I made a little discovery last night. I covered the screen with fresh water from our water butt and scrubbed with the bug remover side of my meguairs wash mitt. The greasy marks (mostly where the passenger side wiper stops upright) seemed to gradually fade away. I'm expecting it to come back when I use the wipers again in the rain. I'm convinced the wipers have something on them


----------



## throwa62start (Aug 1, 2011)

Paul_W said:


> I made a little discovery last night. I covered the screen with fresh water from our water butt and scrubbed with the bug remover side of my meguairs wash mitt. The greasy marks (mostly where the passenger side wiper stops upright) seemed to gradually fade away. I'm expecting it to come back when I use the wipers again in the rain.
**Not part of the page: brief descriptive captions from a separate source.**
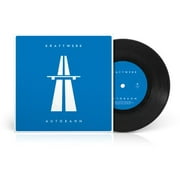 Kraftwerk - Autobahn / Kometenmelodie 2 - Music & Performance - Vinyl [7-Inch]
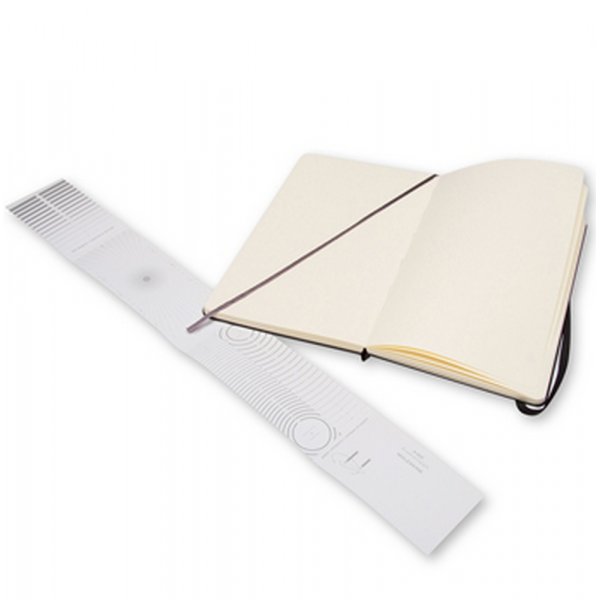 Schetsboek Groot Glad Harde kaft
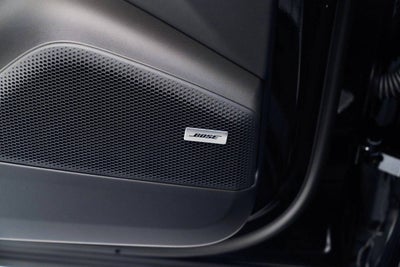 2025 Porsche Macan Macan Electric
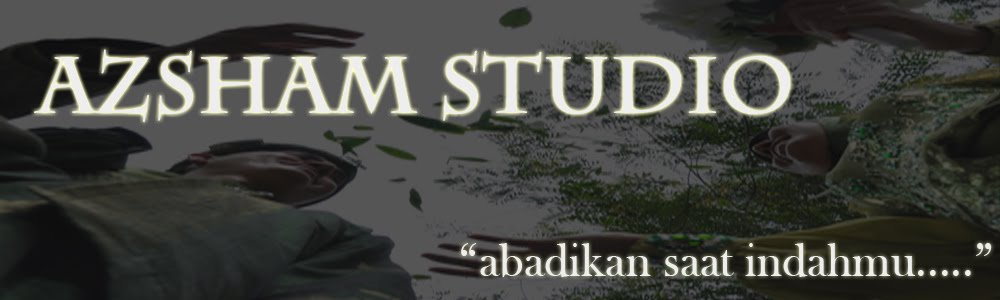 azsham studio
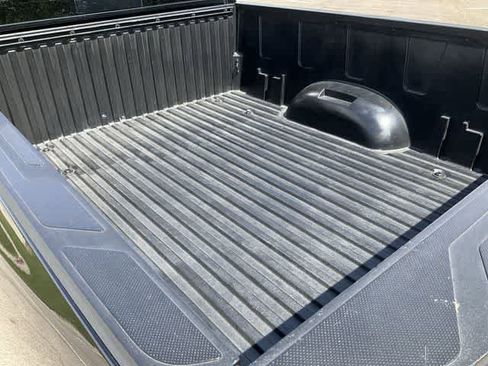 Used 2022 Toyota Tundra SR w/ SR Tow Package RWD image 15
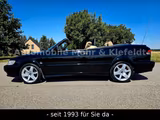 Saab 9-3 2.0t Ecopower SE Cabriolet*SHZ*GRA* - Saab Gebrauchtwagen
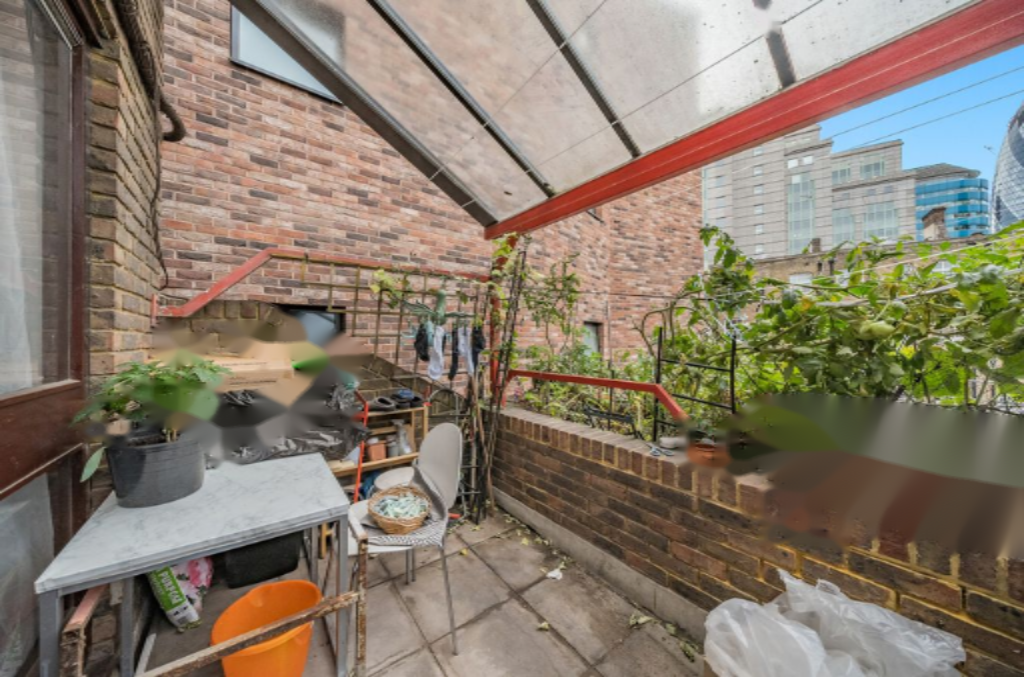 Квартира в Лондоне, Великобритания, 49 м² - фото 9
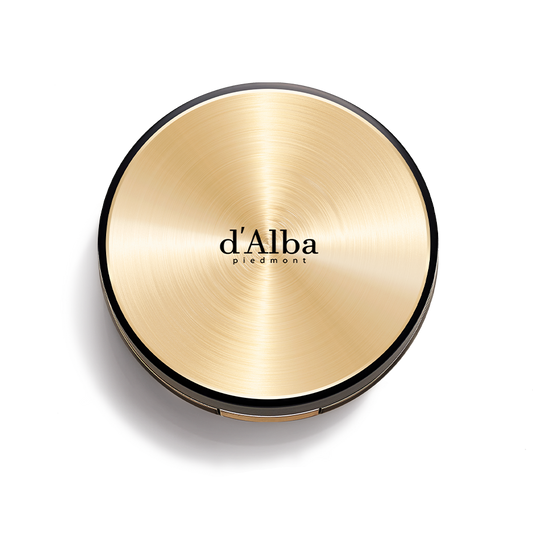 [d'Alba] Glow Fit Serum Cover Cushion SPF50+ PA++++ 15ml -No.21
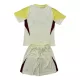 Maillot Gardien Los Angeles FC Enfant 2025 Jaune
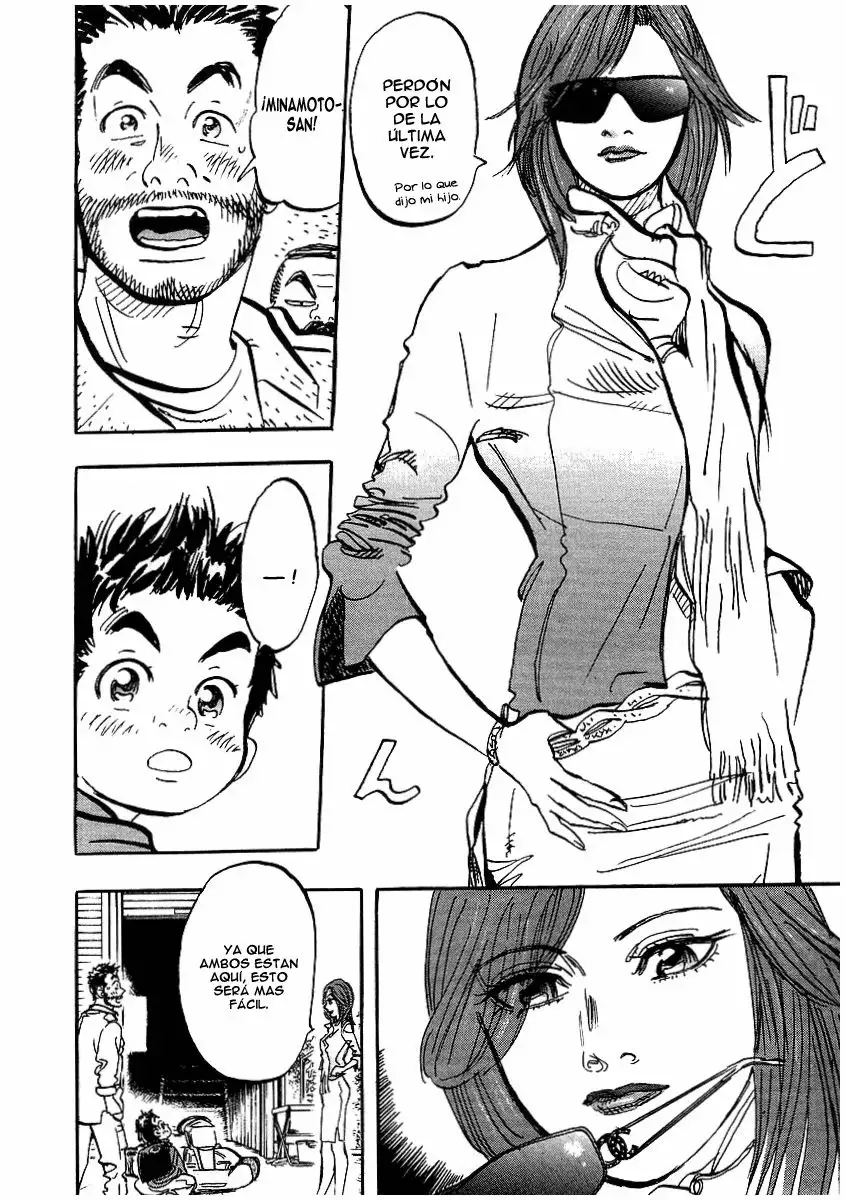 Página 63 del Manga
I'm convinced the wipers have something on them


Paul, any update on this? I've had my Sirocco for 3 weeks and got exactly the same problem with flippin squeeky wiper blades.. Any success stories with products would be greatfully recieved.:thumb:


----------



## hooley (Nov 10, 2010)

Hi Paul,
Bar Keepers Friend (BKF) - see a post a I did a while back, seems like you have the same problem that I did. 
http://www.detailingworld.co.uk/forum/showthread.php?t=199453

Once done, i found best not to treat the Windscreen with any sort of glass cleaner. After washing the car I would just re-apply a small amount on a damp microfibre each time and hose with water.

Regards Hooley.


----------